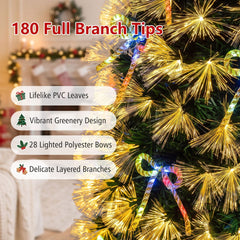 1.5m Pre-Lit Christmas Tree with Warm White Fiber Optics and Multi-Color LED Lights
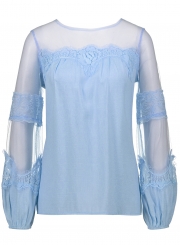 Round Neck Stitching lace Lantern Sleeve Loose Blouse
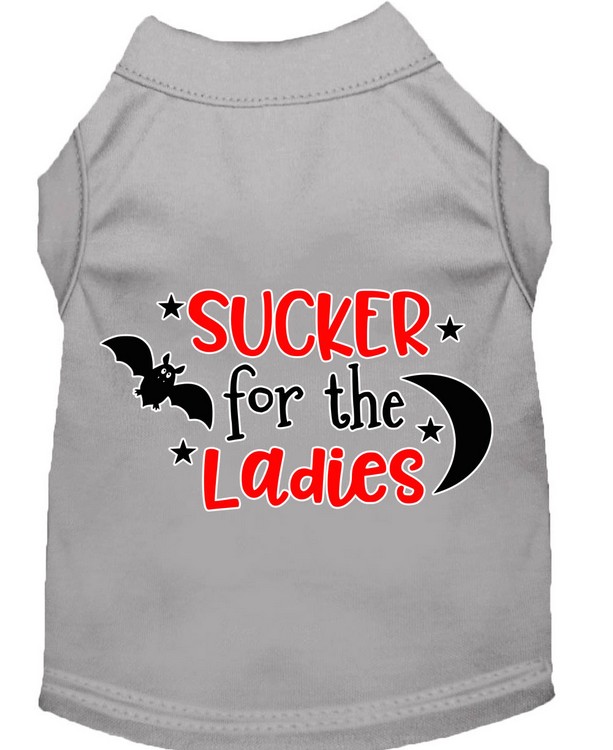 Sucker for the Ladies Screen Print Dog Shirt Grey XS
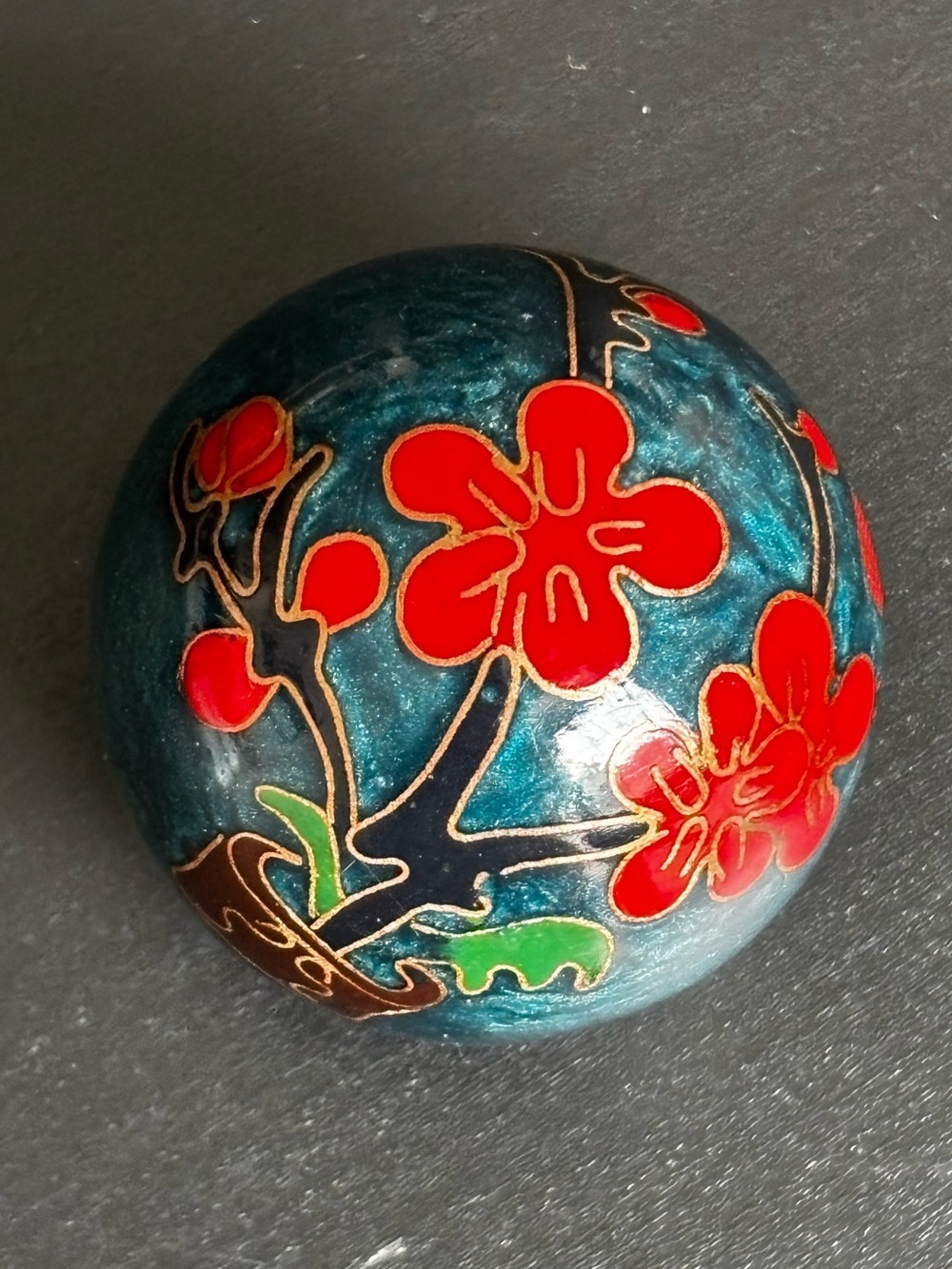 $5 ADD ON Hand Painted Chinese Floral Cloisonné Teal Red Gold With Chimes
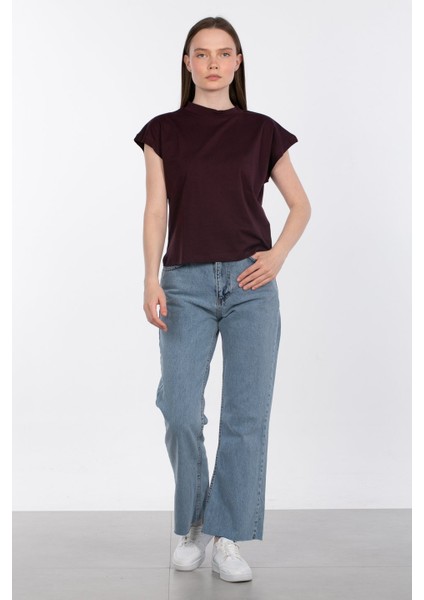 Düşük Kol Basic T-Shirt - Mürdüm fırsatları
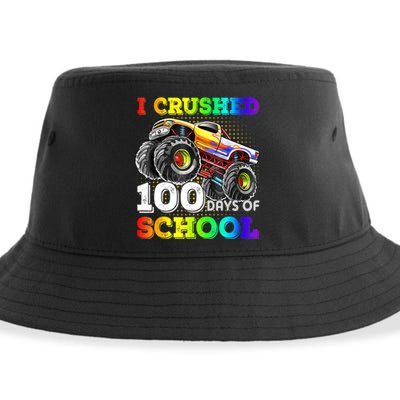 I Crushed 100 Days Of School Monster Truck For Sustainable Bucket Hat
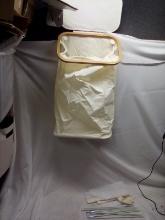 Cream/ Yellow Collapsible 26”Hx10”Dx16”W Cloth Laundry Basket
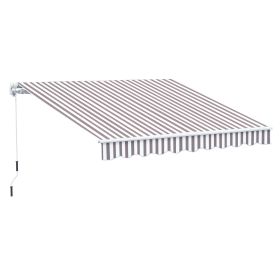 10' x 8' Retractable Awning, Patio Awnings, Sunshade Shelter w/ Manual Crank Handle, UV & Water-Resistant Fabric and Aluminum Frame for Deck, Ba (Option: Coffee Stripes-1685x220x180 mm)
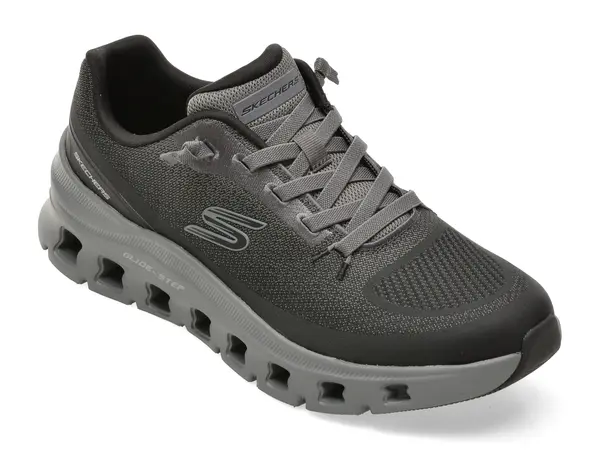 Pantofi sport SKECHERS negri, GLIDE-STEP PRO, din material textil
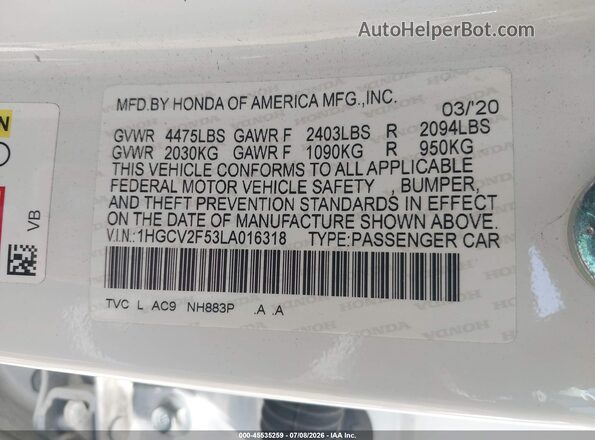 1HGCV2F53LA016318 2020 HONDA ACCORD White Вид підкапотного простору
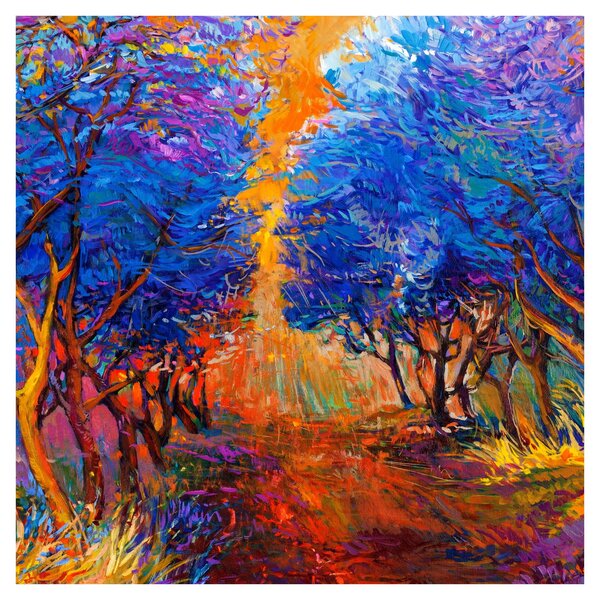 Obraz - Podzimní koruny stromů, moderní impresionismus (30x30 cm)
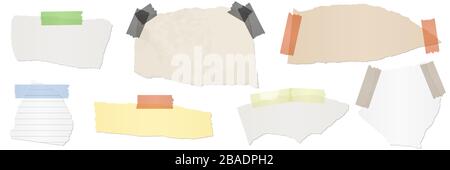 collection of different colored scraps of papers with adhesive strips Stock Vector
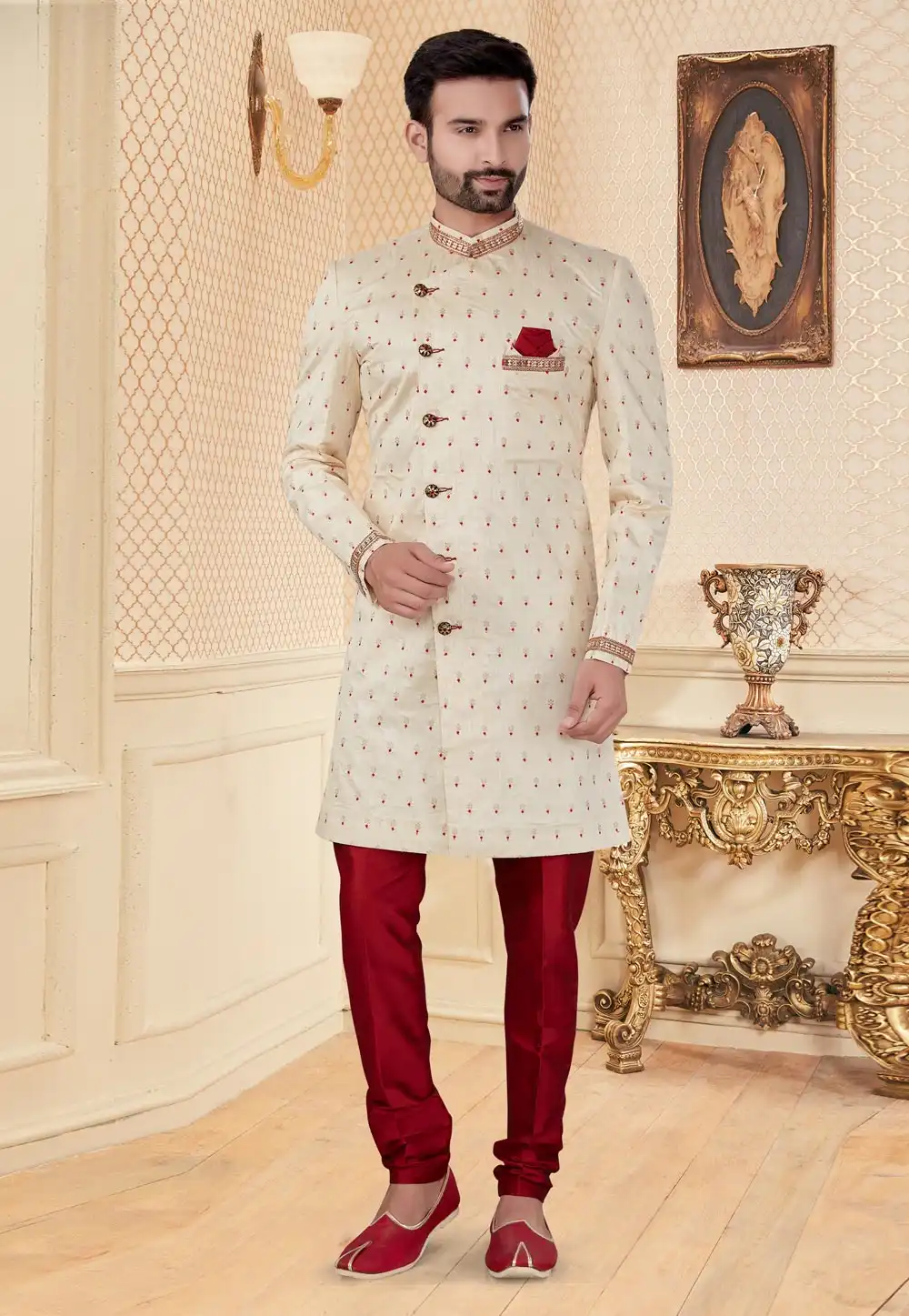 Cream Jacquard Indo Western Suit 251231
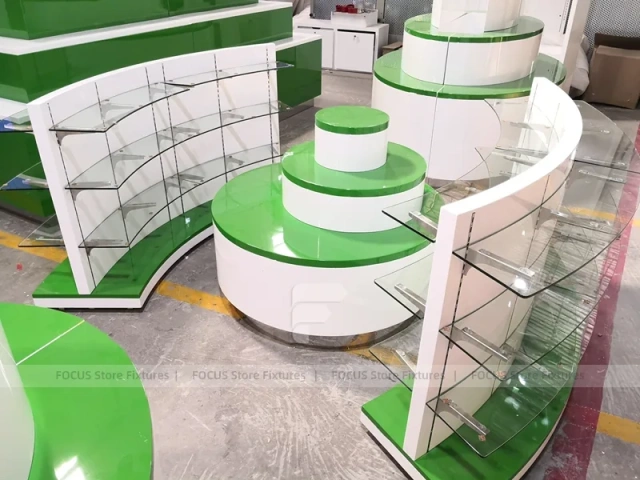 Green Curved Pharmacy Counter and Gondola Fixture Set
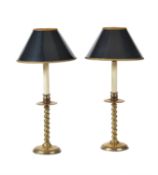 A pair of Victorian brass barley twist candlesticks fitted as table lamps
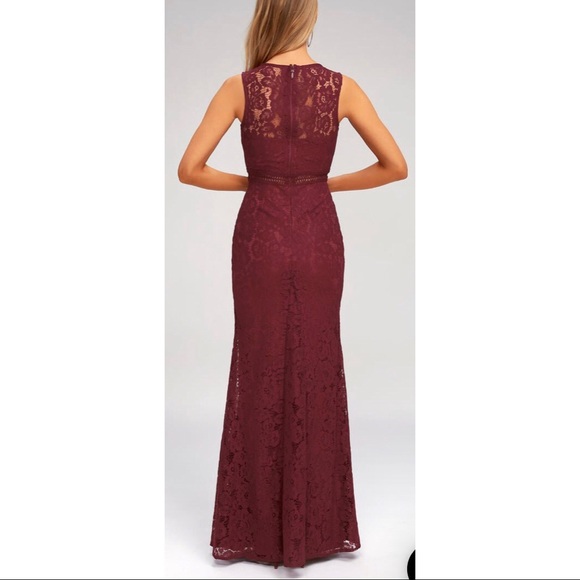 Lulu’s XS Burgundy Lace Dress - Picture 3 of 6
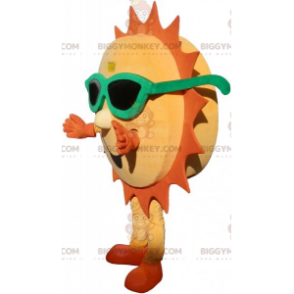 Traje de mascote BIGGYMONKEY™ Sol amarelo e laranja com óculos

**Aim of the exercise**
Retype, exactly and with no pictures, everything above from the line with "I Crushed 100" down to the line with "Cream/ Yellow Collapsible", both included.

**Exercise result**
 I Crushed 100 Days Of School Monster Truck For Sustainable Bucket Hat
 Cream/ Yellow Collapsible 26”Hx10”Dx16”W Cloth Laundry Basket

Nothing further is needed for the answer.